If I wasn't used to working with simpler equipment, then I'd probably be more concerned
about having an SWR analyzer that does everything.  It isn't all that often that I really need
to know the input impedance of an antenna without having a computer model that gives me
a pretty good starting guess.

There are a number of problems that users can encounter from having more data available
than they know what to do with.  Probably the biggest one is assuming that X=0 at
resonance with out taking the coax length into account (including the length inside a balun.)
If you don't, then you can end up with an antenna tuned far outside the band.  I've seen
some spectacular misadjustments of gamma matches achieved by tuning it based on the
frequency of lowest SWR, rather than the lowest SWR at the desired frequency.

Posts: 336

« Reply #6 on: August 21, 2012, 01:35:02 PM »

Thank you for the advice.  That last answer from Dale is what terrifies me about antenna science!  I don't understand very much of it!


Posts: 875

« Reply #7 on: August 21, 2012, 01:36:02 PM »

Hi Jonathon,

If it is going to give you financial stress, then I would not buy one - you have to get your priorities right.
As others have said, there are more options than MFJ, so investigate them if you are in the market for one.

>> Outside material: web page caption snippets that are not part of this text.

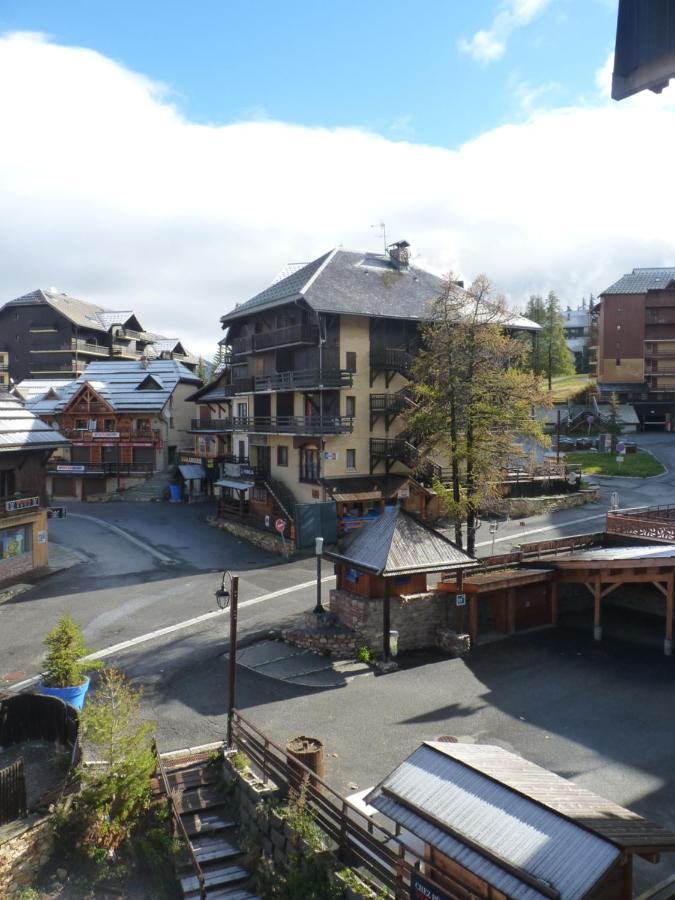 Le Perce-Neige Centre Station Apartment Risoul Luaran gambar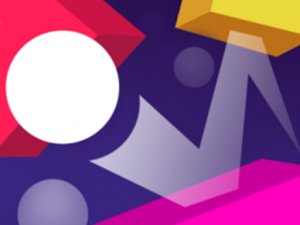 Hit Bricks Puzzle Arcade Game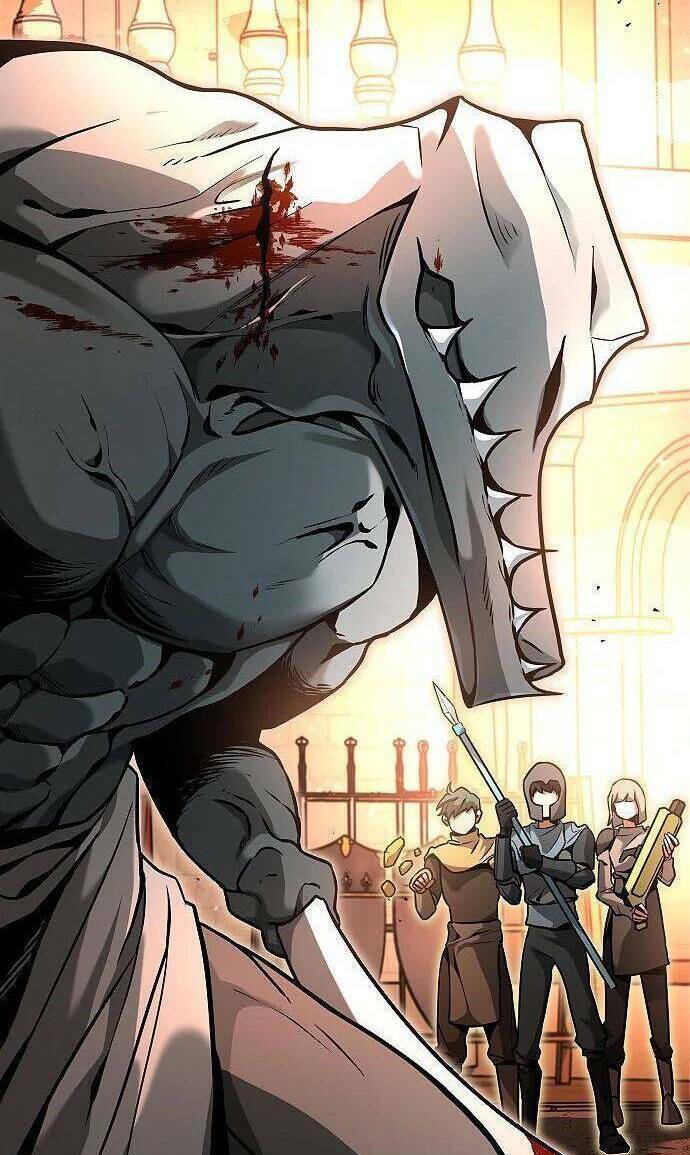 Cuộc Săn Nữ Hoàng - Chương 7 - Trang 19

I have an MFJ269 and a VK5JST (HF only kit built) analyser, and I use the MFJ one most of the time.
As regards quality, MFJ gear I have bought has been mainly positive, but with some quality issues certainly.
If you do buy an analyser, make sure you have an easy warranty repair/replacement path.
You don't want to have to take it personally back to the manufacturer.

As regards how much you will use one, this is something which varies with the user.
I also experiment a lot with antennas.
I must say that the analyser, in my case as a layman - not an engineer, only comes out at the end of the process.
I use it for final matching to 50 ohms or whatever the case is.
Most of the time is spent making the antenna.
But you can certainly use your rig on low power to do the final swr tweaking.

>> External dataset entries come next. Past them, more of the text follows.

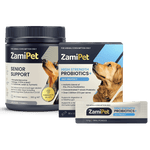 Load image into Gallery viewer, ZamiPet Senior Dog Support Super Pack
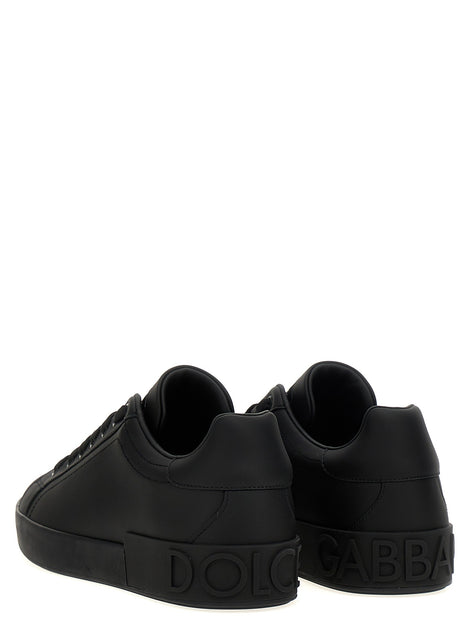Dolce & Gabbana 'Portofino' sneakers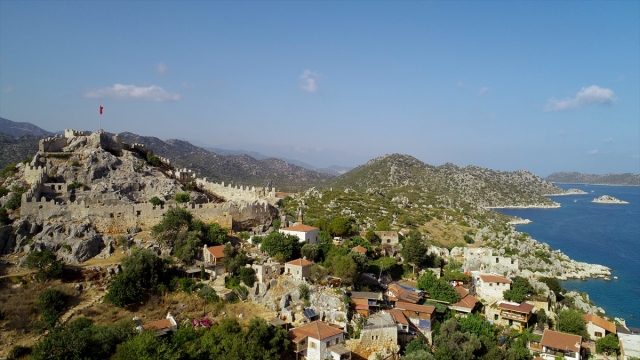 kekova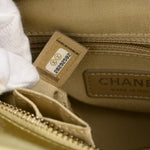 Chanel Gabrielle Hobo Quilted Metallic Aged Calfskin Small - image 5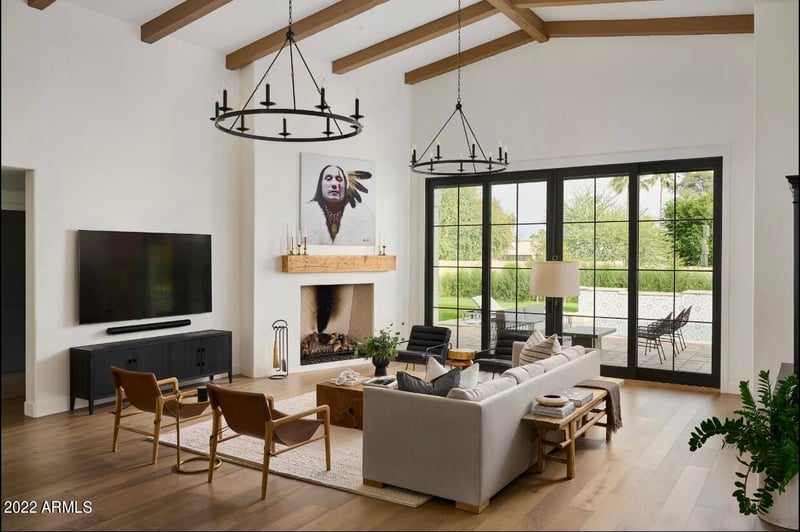 5301 N Kasba Cir, Paradise Valley, AZ 85253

If you think what the analyser is, and how it works, it will be helpful.

It is a low power transmitter, which is fed to a bridge where the unknown leg is the antenna.
By measuring phase and amplitude across some bridge components, a microprocessor calculates impedance.
Since impedance is a combination of resistive and reactive components (R and X), other things can also be measured.

For example, if you measure reactance of a capacitor or inductor, then you can calculate its value in Farads or Henry's.
In addition, if you short one end of transmission line, and progressively change frequency until you read another short, you can calculate velocity factor and loss of that line section.

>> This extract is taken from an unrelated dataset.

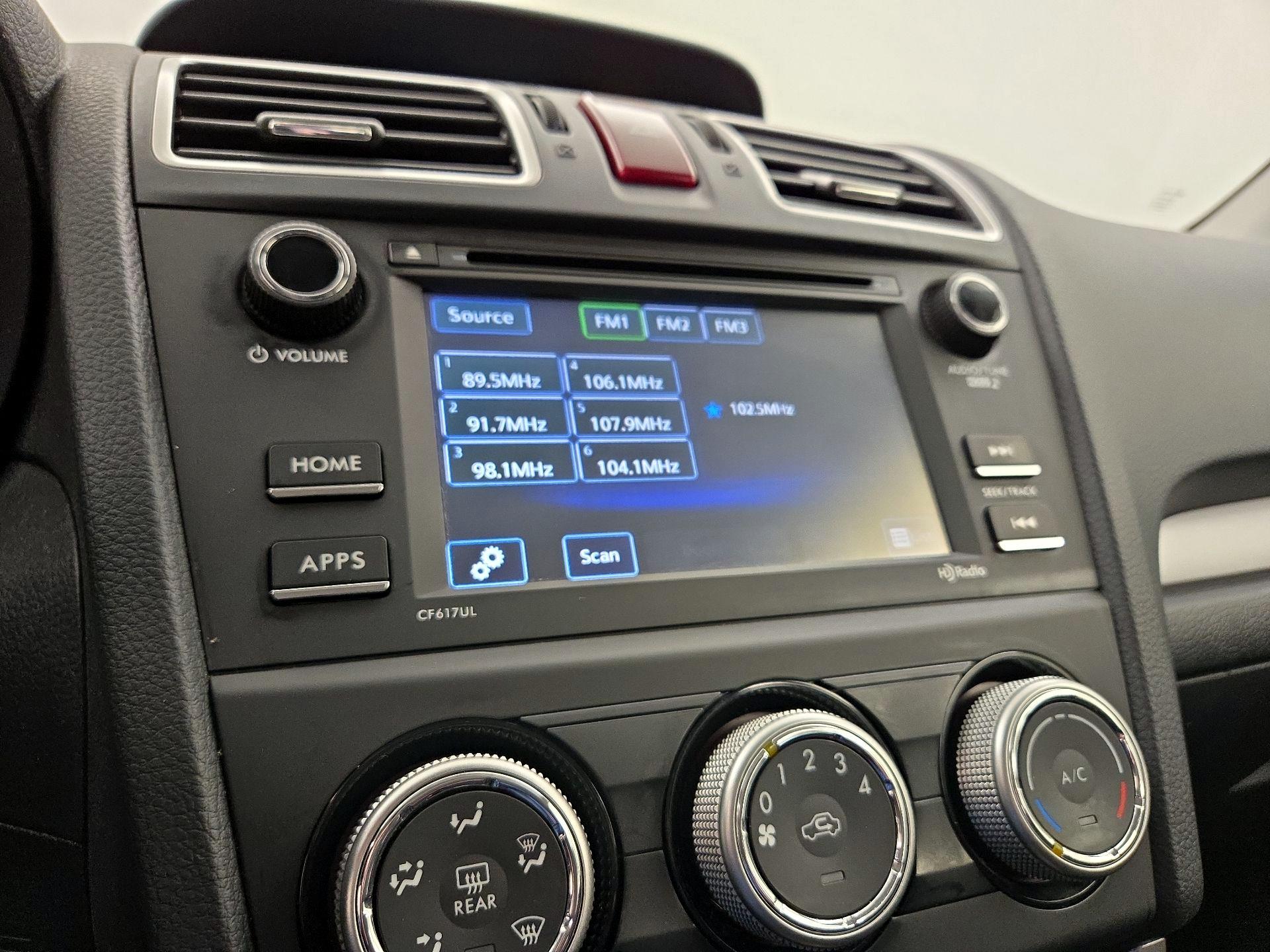 Thumbnail: 2016 Subaru Forester - 15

These are only two additional things for which an antenna analyser is useful.

I would suggest you do a lot more research on the uses of analysers.
You can download the manual for the MFJ269 and it has a lot of interesting information on how to use it.
But just because it can do these things does not mean you are going to use it a lot.
So, only you know how much use it will actually get.

In my case it sits in the cupboard for 95 percent of the time, but it's 5 percent of application is certainly very useful.

73 - Rob
« Last Edit: August 21, 2012, 01:43:31 PM by STAYVERTICAL » Logged

Posts: 5030

« Reply #8 on: August 21, 2012, 02:59:39 PM »

I enjoy building antennas for HF and 2m and was wondering if an 'antenna analyser' would be a good investment.  They are quite expensive, and because I don't really know how to use one I'm a bit hesitant to buy one.  Also they only seem to be made by MFJ, which is slightly worrying re: quality.

Jonathan, M5AEO.

They are a very good investment. Better investment than a Bird meter from someone running 100W. It is amazing how many people spend $500 on a Bird meter, even though they are running 100 watts.

Posts: 9930

« Reply #9 on: August 23, 2012, 12:17:57 PM »

pick up a used MFJ 259b, and you will be able to play antennas much easier.  also only use alkaline batteries in it, they last a long time.  if you use rechargeable batteries (1.2 volts each)  they star at a lower voltage and when it gets to about 11.5 volts it quits.  a set of alkaline will start at 15 volts ( 1.5 volts per battery) and they last a long time before the voltage drops too low.